Accurate machine learning force fields (MLFFs) enable large-scale atomistic simulations with near first-principles accuracy. However, their development remains computationally demanding due to the need for training datasets that are broad, diverse, and sufficiently redundant to capture local atomic variations. In this work, we present a data-driven framework that leverages unsupervised learning and deep learning to efficiently select representative atomic configurations from Molecular Dynamics (MD) trajectories of metal nanoparticles.
Building on our previous study of structural classification in Ag and Cu nanoparticles (100–200 atoms) using dimensionality reduction and unsupervised clustering based on Common Neighbor Analysis (CNA) features, we extend our methodology to generate optimal training sets for MLFF development. We found that both K-Means and Gaussian Mixture Models (GMM) effectively identified physically meaningful structural classes at varying levels of detail. The optimal number of classes was determined using evaluation metrics such as the silhouette score and gap statistic. This classification behavior aligns well with the requirements for constructing MLFF training datasets, which must be structurally diverse and locally redundant, yet not overly large to avoid unnecessary computational cost.
Specifically, we apply K-Means, GMM, and Graph Neural Network (GNN)-based embeddings to thousands of fixed-size atomic structures sampled from MD trajectories.

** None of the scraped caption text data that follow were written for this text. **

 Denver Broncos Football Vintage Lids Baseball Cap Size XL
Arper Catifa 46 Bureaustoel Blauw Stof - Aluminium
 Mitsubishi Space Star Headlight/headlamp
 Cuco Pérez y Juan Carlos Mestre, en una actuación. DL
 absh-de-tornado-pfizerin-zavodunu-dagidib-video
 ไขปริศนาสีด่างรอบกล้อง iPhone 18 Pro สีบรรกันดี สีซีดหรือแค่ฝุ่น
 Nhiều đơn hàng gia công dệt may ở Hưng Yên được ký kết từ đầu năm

These techniques consistently identify 10–20 core structural classes, capturing both global shape diversity and local configurational variance. This clustering-based approach enables the selection of a minimal yet representative subset of configurations, significantly reducing the cost of subsequent labeling with high-level quantum calculations.

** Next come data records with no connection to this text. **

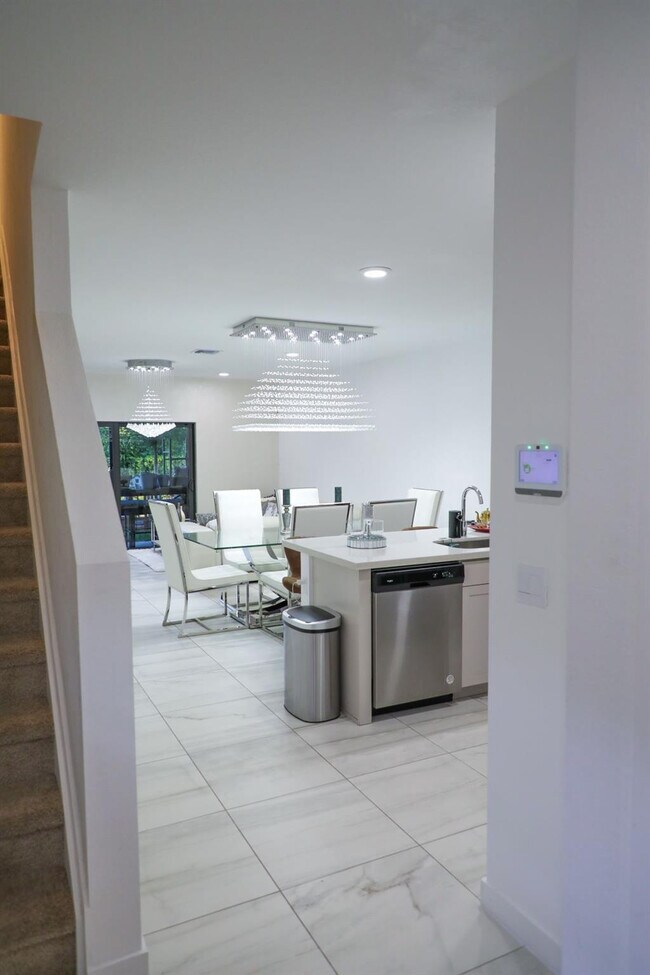 Building Photo - 148 SE 5th Ct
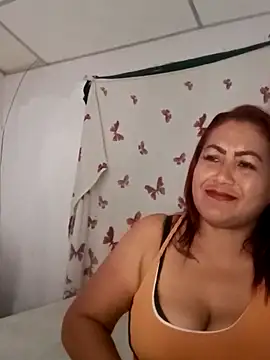 Snapshot of Abigail_BigTits chatting on 01-08-25, 06:41 Abigail BigTits online show from 01-08-25, 06:41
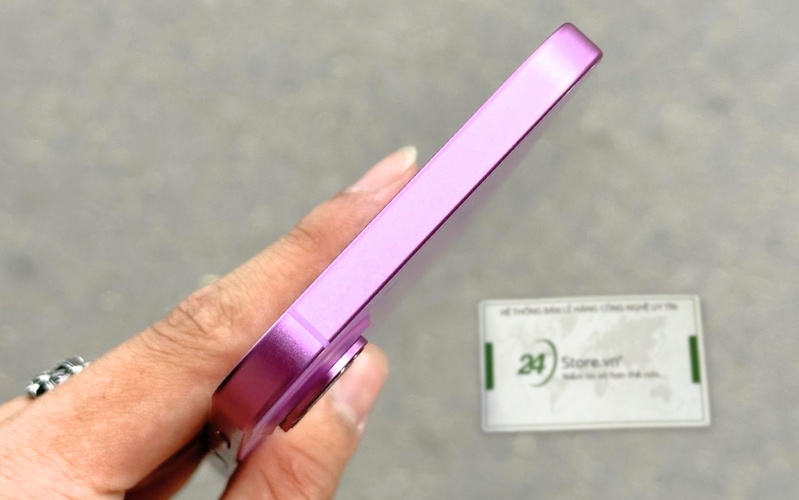 phía trên iphone phone 16 plus cũ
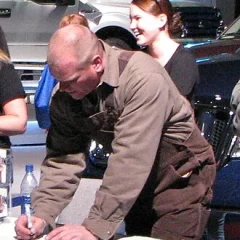 Mike Holmes height profile photo
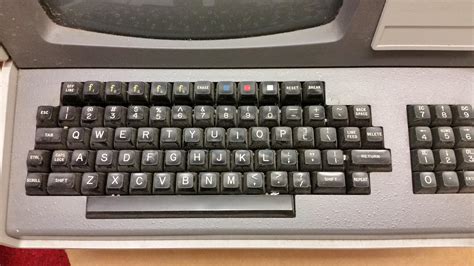 [vintage] Heath H19 terminal, a mean mech keyboard. A bit dusty. Is ...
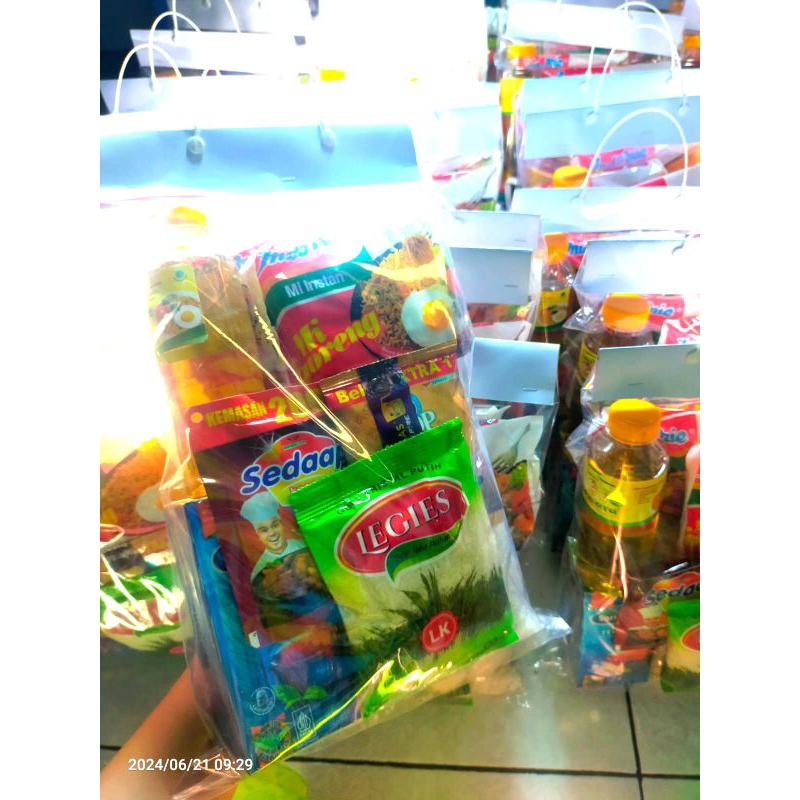 

paket sembako beras komplit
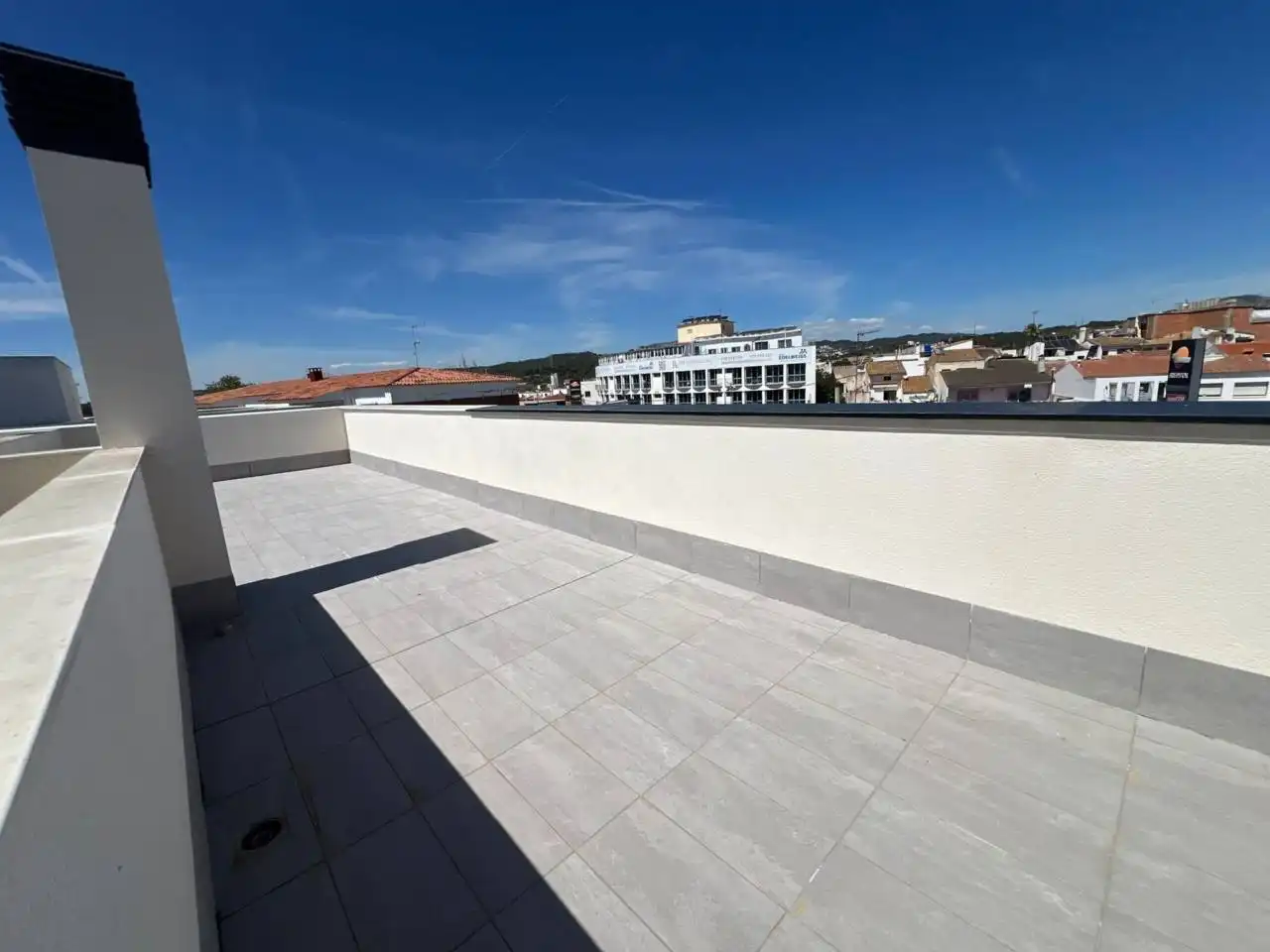 Terrasse von Wohnungen zum Verkauf in Cubelles mit Klimaanlage, Heizung und Parkett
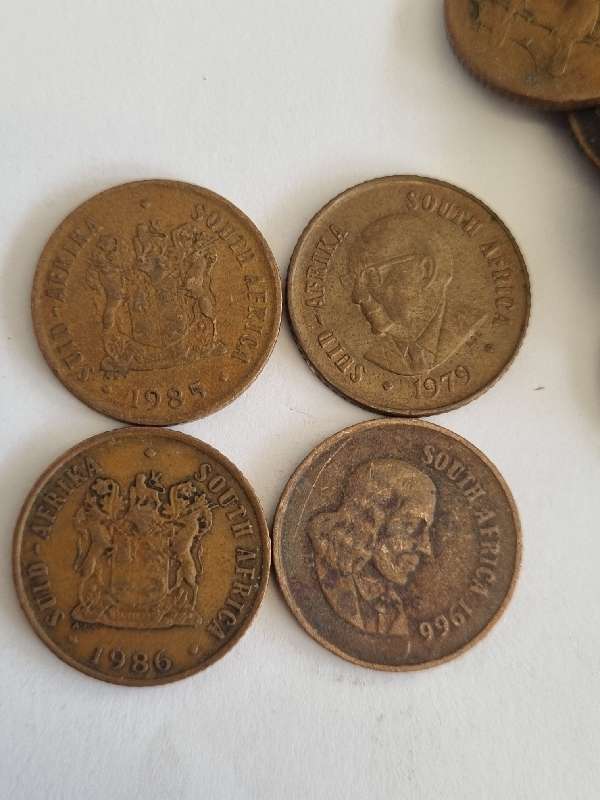 210 x 1c coins - 1 cent coins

Our ongoing work incorporates hyper-parameter tuning, local redundancy sampling and energy-aware refinement to further enhance coverage of the potential energy surface. We envision this data selection strategy as a critical step toward autonomous, closed-loop workflows in materials modeling. This contribution highlights how machine learning can accelerate simulation-ready data generation, paving the way for efficient and scalable force field development.